とりあえずは夕飯だ。今でも同じなのだが僕は旅先でチェーン店と高そうなレストラン、観光客向けの店には極力入らない事にしている。旅とは経験なので、なるべく地元の人々と同じ物を食べ、同じ空気を共有する事にしている。したがって初のタイでもまずは屋台だ。と言っても観光地のカオサン地元民なんて皆無だ。屋台も外国人しかいない。
とりあえず適当にクイッティアオ(タイ風ラーメン)や春巻きでお腹を満たす。味は普通も普通で拍子抜けだ。元来、お酒はあまり強くないし、1人では飲まないのだけれどタイの気候や気持ちがそうさせたのかチャーンビール(ローカルに人気のビール、安い)なんかも飲んでしまった。

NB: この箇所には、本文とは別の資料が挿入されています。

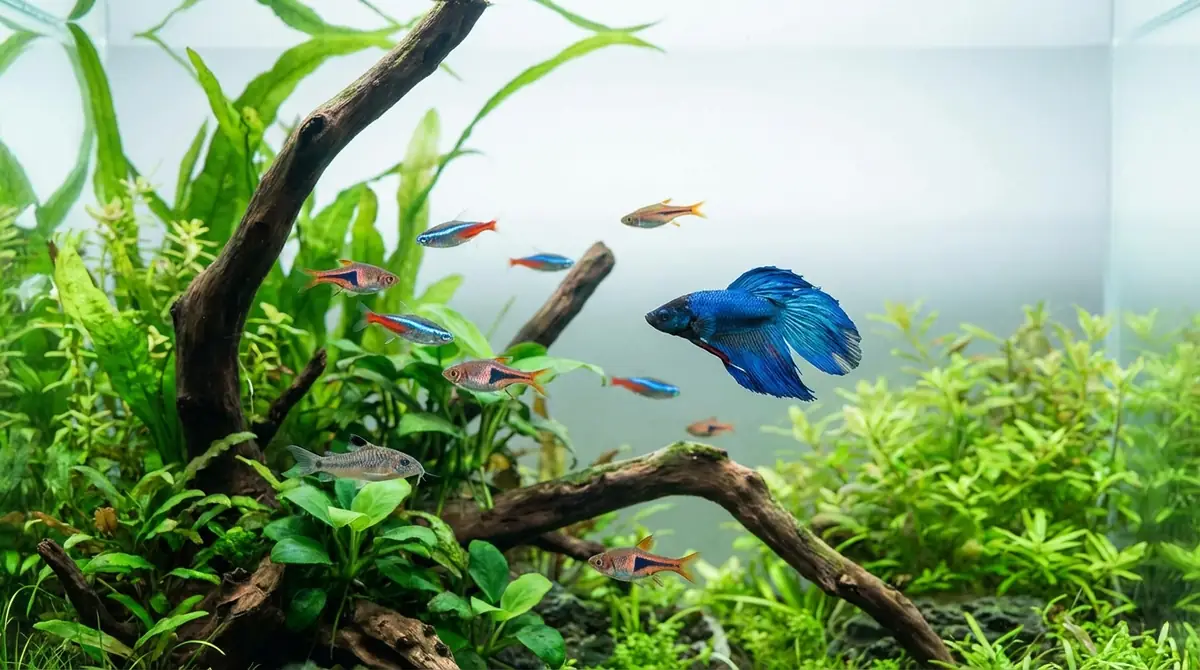 【おすすめ順】ベタと混泳できる生体ランキング5選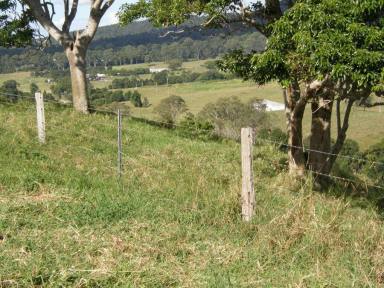 Farm For Sale - QLD - Eerwah Vale - 4562 - EUMUNDI RURAL  (Image 2)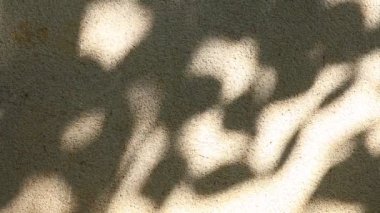 Duvarda gölgeler bırakır, Chiangmai Tayland açıklarında.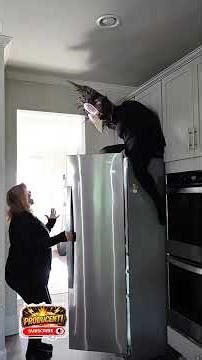 PRANK Cheating on my wife #funny #usashorts #comedy #prank #diasporashqiptare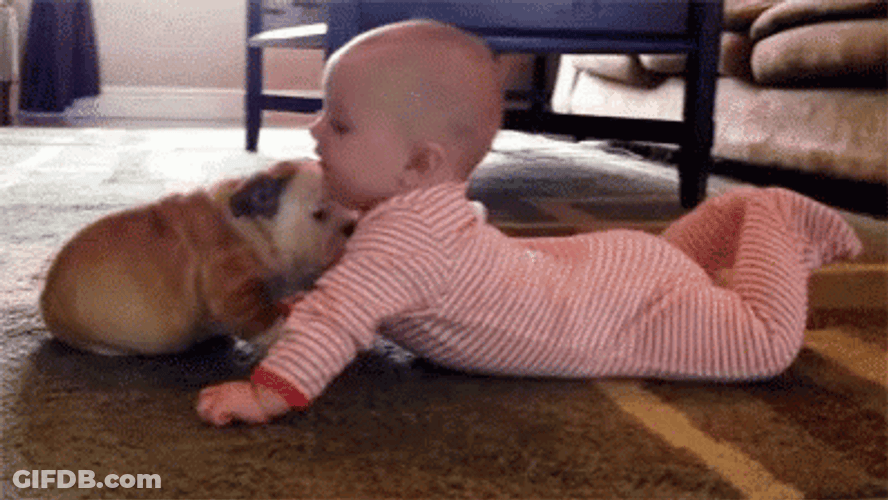 Baby And Puppy GIF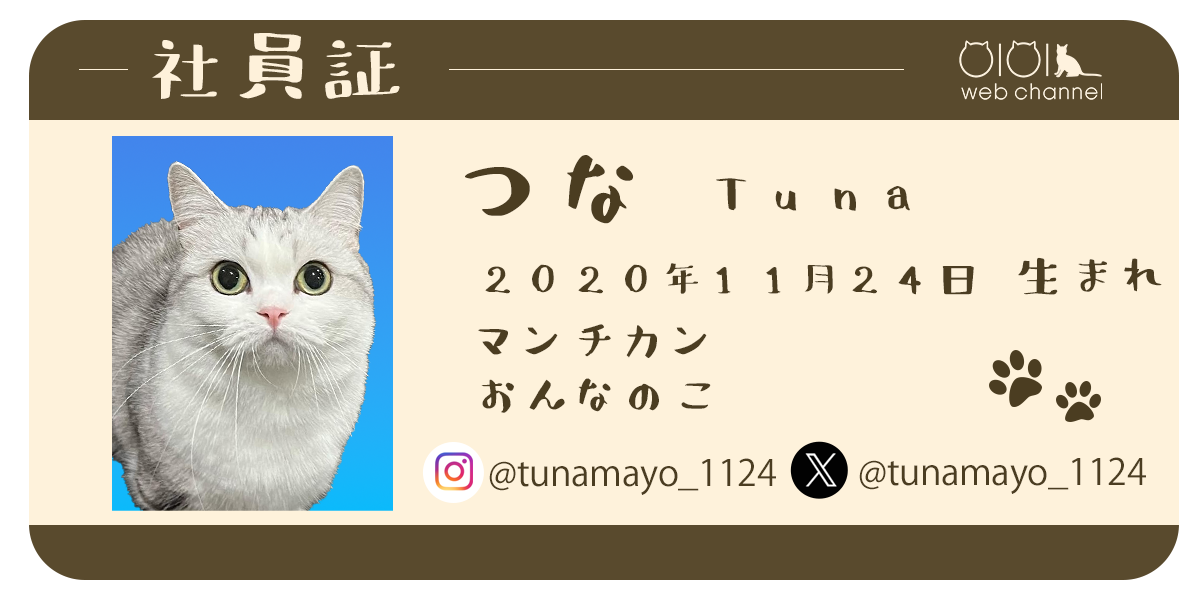 つな　プロフィール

小うるさい音楽がガンガンかかる中に1人屋台でビールを飲む。そこに声がかかった。
「Hey! friend! your japan?」
女の子なら良かったのだが、声の主は歳は同じくらいの男だった。
「Hello.I'm japan.」
無視するのも悪いなと答えてしまった。2人でビールを飲みながら少し話した。
コイツの名前はイブラヒム、エジプト人。後で調べた事だが、イブラヒムってのは預言者の名前でエジプトで人気があるらしい。そして、世界で一番ウザいと言われてるのもエジプト人だったのだ。それは後にわかる事となる。
少し話し、電話番号を交換した。イブラヒムは近くのゲストハウスに泊まっているらしかった。明日の昼に電話するよ!と言い僕らは別れた。
時間ももう2時は過ぎただろう、ホテルに帰る事にして歩いてすぐのホテルまで戻った。
ホテルのエントランスに女性が立っている。
この女性こそ、僕がタイで初めて出会った立ちんぼだった。
これも後に知ったのだが、カオサンロードにはタイで男性が期待するエロは皆無なのだ。健全なエロが欲しければスクンビットへ。
僕はタイならどこでもエロがあると思ってたが、カオサンロードは昔からレディボーイ(オカマ)が溢れていた。あえて、レディボーイを抱くためにファラン(白人)がカオサンロードへ来ると言う形が出来ているらしい。健全な日本人な僕は興味がないけれど。
立ちんぼの女性に声をかけられて、話を聞いてみる事にした。初めてで神経も昂っているし、気も大きくなっていた。だから何かしたかったんだ。日本人としては健全な思考だろう。
健全なはずの僕がその何年後にタイでレディボーイを2人くらい抱いてしまうのだが、それはまた別の話。